Lori Martin’s son Isaac is in the class and she volunteers with the class every other week. She used to work for MCC and decided to present the idea to the class.
“I’m pretty familiar with all the kits and I thought this one is probably the easiest for kids to identify with. I always find with Christmas and all the consumerism hubbub that it’s kind of nice to shift the focus a little bit,” Lori said.
The students were excited about the idea right from the get go. They estimate they collected enough items for 10 to 15 kits.
“I send a letter home every week and I think [Lori] came in on a Thursday. I had a couple parents actually contact me Friday because my letter doesn’t go home until Friday but they had gone home [on Thursday] and said ‘I need to bring stuff in.’ They were so excited about it right away,” Janet said.
Janet says it’s been a great project for the students to open up their world a little wider. Needing school supplies is something they can relate to because the items in the kits are things the Floradale students use every day. Janet made a point to talk to the class about how there are many children in Ontario and across the globe who can’t afford school supplies.
“I had one little guy say ‘these pencils are from my mom and these pencils are from my collection.’ That was really cool for them to do that,” Janet said.
Some students kept forgetting to bring in items, but when reminded at school they said how they really wanted to bring them in. Janet used it as a learning activity by having the students write themselves a reminder note to take home.
And the next day, lo and behold, they remembered to bring in the items.
“They’ve done so well. A lot of them did not just bring in one thing, they brought in multiple things,” Janet said.
The kits include four spiral or perforated notebooks of 140 pages each, eight unsharpened pencils, one flat, flexible plastic ruler indicating both 30 cm and 12 inches, 12 coloured pencils in the package and one large pencil eraser.
Lori explains every child receives an identical amount of items in their kit.
The school kits are distributed in reusable drawstring cloth bags, which are made by volunteers. She notes many sewing clubs volunteer to make the bags.
And it’s been a great activity to watch her son become engaged with.
“I went out and got the stuff, Isaac had asked me to get it, but it wasn’t like ‘here, you’ve got to take this to school for Mrs. Martin.’ He was like ‘oh, when can I take my stuff?’” Lori said.
MCC shipped 89,958 school kits last year to countries like Jordan, Syria, Bosnia and Herzegovina, Lebanon, Haiti, the U.S., Serbia and Honduras.
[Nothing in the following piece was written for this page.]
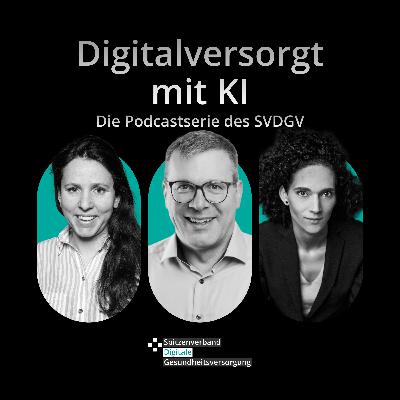 #17 KI in der Hausarztpraxis - Wie MediTech-AI.de Versorgung neu gestaltet #17 KI in der Hausarztpraxis - Wie MediTech-AI.de Versorgung neu gestaltet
For others looking to participate, completed kits can be dropped off at the MCC office in Kitchener or the MCC Thrift Shop in Elmira.
Janet says the best part of this has been watching the students being able to give back at such a young age.
“I think that’s what’s made it real, that there are kids just like me, the same age, that don’t have these things every day at school. And now I’m allowing them to have what I have at my school. I think that’s the biggest thing. The excitement in knowing they’re helping other children,” Janet said.